§ **ASSIGNMENT**: An exact copy of every record below is required, with the pictures left out.

§ **TASK INPUTS**:
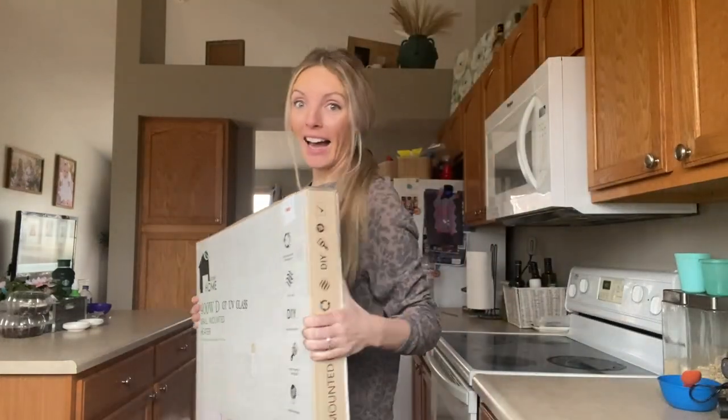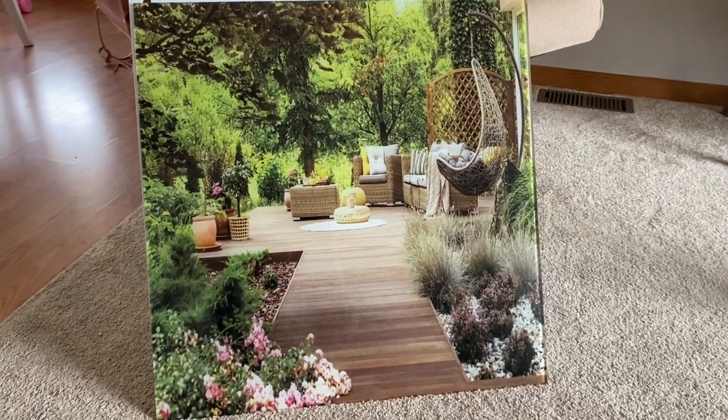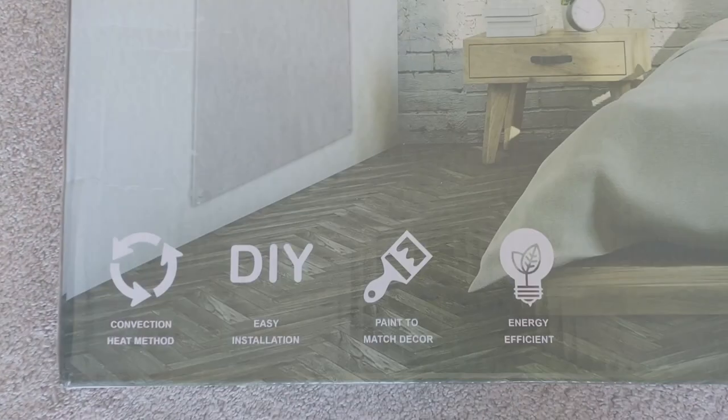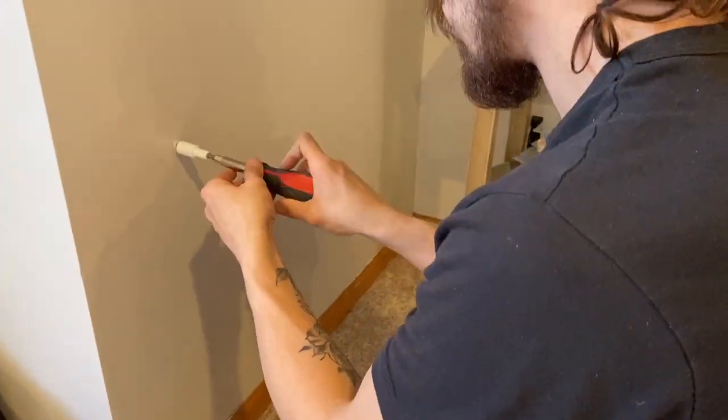We just got in our wall-mounted space heaters from Econo Home, and these are game-changing. Not only did we get one with a beautiful design, we also got a plain white. You are able to paint on this material, so I'm able to design whatever I'd like on this. It will be a perfect DIY, plus the installation was so easy.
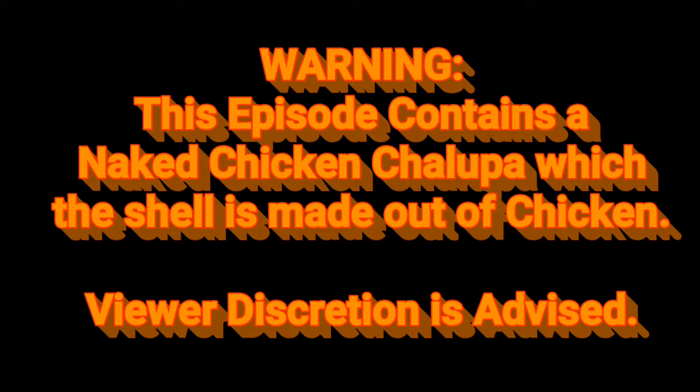Warning: the following episode of Joseph's Food Review contains a naked chicken chalupa that is, well, completely chicken. The shell is actually chicken chalupa.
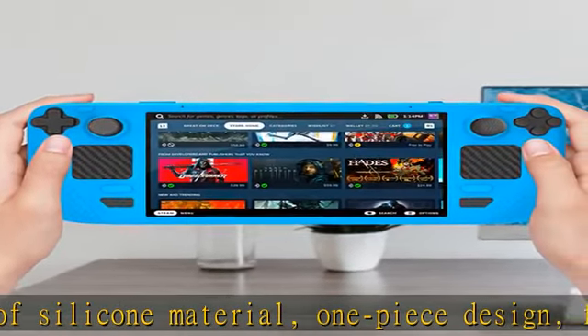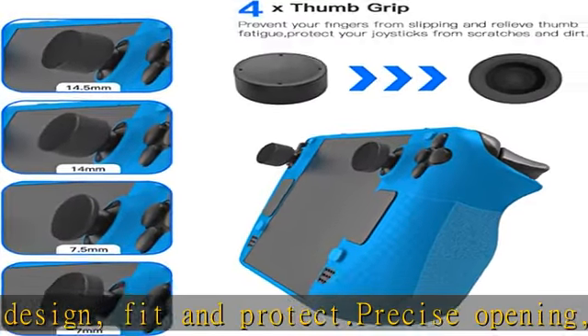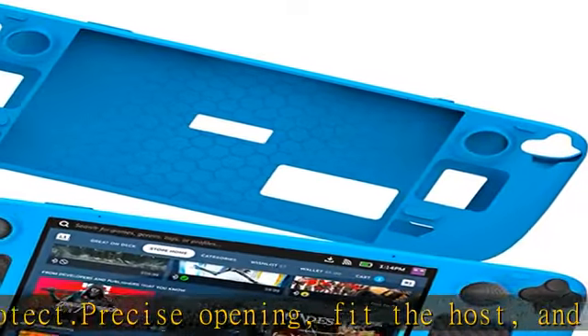non-slip and sweat-proof, more comfortable to operate. Soft and flexible stretch without deformation, effectively prevents scratches and wear.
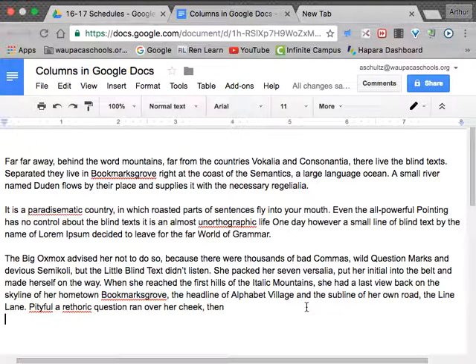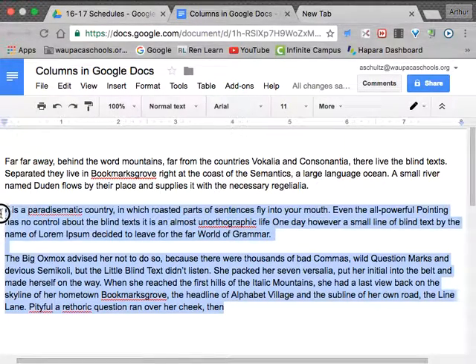Google Docs now has a new feature that allows you to insert columns into a Google Doc. To get started, what you need to have is your text. What I'm going to do now is highlight the text that I want to make into columns.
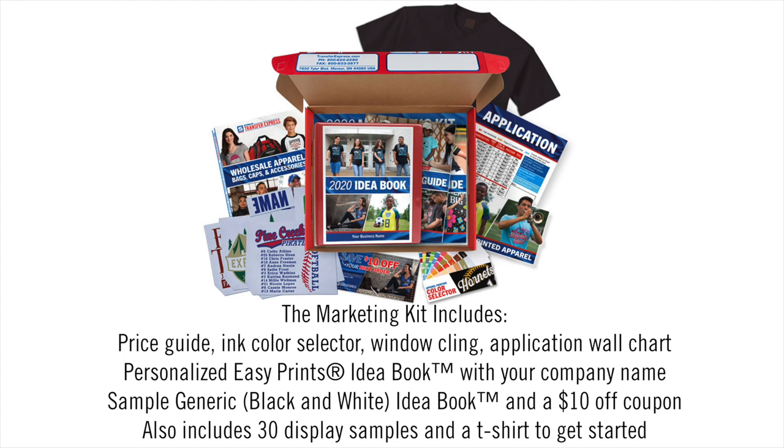They even include a testing t-shirt so you can start creating samples for your customers to see all the possibilities available. Taking it a step further, they personalize each of these items to make them specific to your business. So if a customer ever looks through these materials, everything is customized to your business and doesn't relate back to Transfer Express — making you look like the true screen printer, which is a real advantage as a new business owner growing in this marketplace.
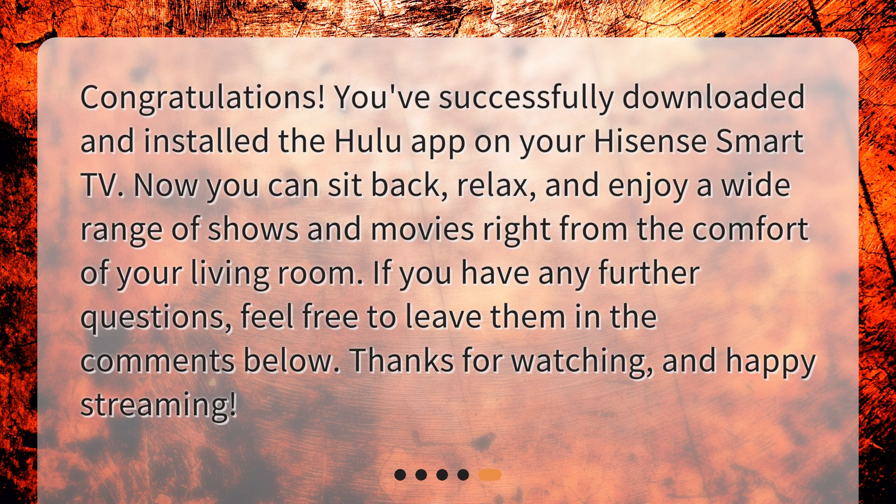Congratulations! You've successfully downloaded and installed the Hulu app on your Hisense Smart TV. Now you can sit back, relax, and enjoy a wide range of shows and movies right from the comfort of your living room. If you have any further questions, feel free to leave them in the comments below. Thanks for watching, and happy streaming!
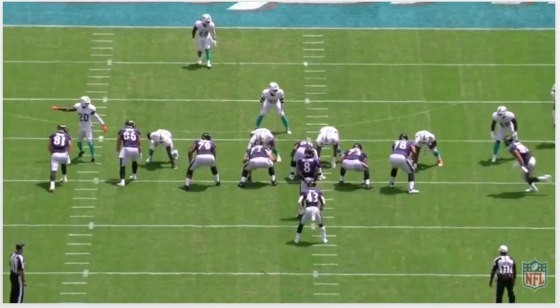The first play we're gonna look at is what I call a buck sweep run by Justice Hill. You're gonna get this guy coming in motion — not gonna really draw that up. You'll see him coming in motion trying to create leverage on this left side. You're gonna get Boyle down-blocking on this guy right here, and Hurst is gonna down-block on this guy right here.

§ **SOLUTION FOR THIS EXERCISE**:
We just got in our wall-mounted space heaters from Econo Home, and these are game-changing. Not only did we get one with a beautiful design, we also got a plain white. You are able to paint on this material, so I'm able to design whatever I'd like on this. It will be a perfect DIY, plus the installation was so easy.
Warning: the following episode of Joseph's Food Review contains a naked chicken chalupa that is, well, completely chicken. The shell is actually chicken chalupa.
non-slip and sweat-proof, more comfortable to operate. Soft and flexible stretch without deformation, effectively prevents scratches and wear.
Google Docs now has a new feature that allows you to insert columns into a Google Doc. To get started, what you need to have is your text. What I'm going to do now is highlight the text that I want to make into columns.
They even include a testing t-shirt so you can start creating samples for your customers to see all the possibilities available. Taking it a step further, they personalize each of these items to make them specific to your business. So if a customer ever looks through these materials, everything is customized to your business and doesn't relate back to Transfer Express — making you look like the true screen printer, which is a real advantage as a new business owner growing in this marketplace.
Congratulations! You've successfully downloaded and installed the Hulu app on your Hisense Smart TV. Now you can sit back, relax, and enjoy a wide range of shows and movies right from the comfort of your living room. If you have any further questions, feel free to leave them in the comments below. Thanks for watching, and happy streaming!
The first play we're gonna look at is what I call a buck sweep run by Justice Hill. You're gonna get this guy coming in motion — not gonna really draw that up. You'll see him coming in motion trying to create leverage on this left side. You're gonna get Boyle down-blocking on this guy right here, and Hurst is gonna down-block on this guy right here.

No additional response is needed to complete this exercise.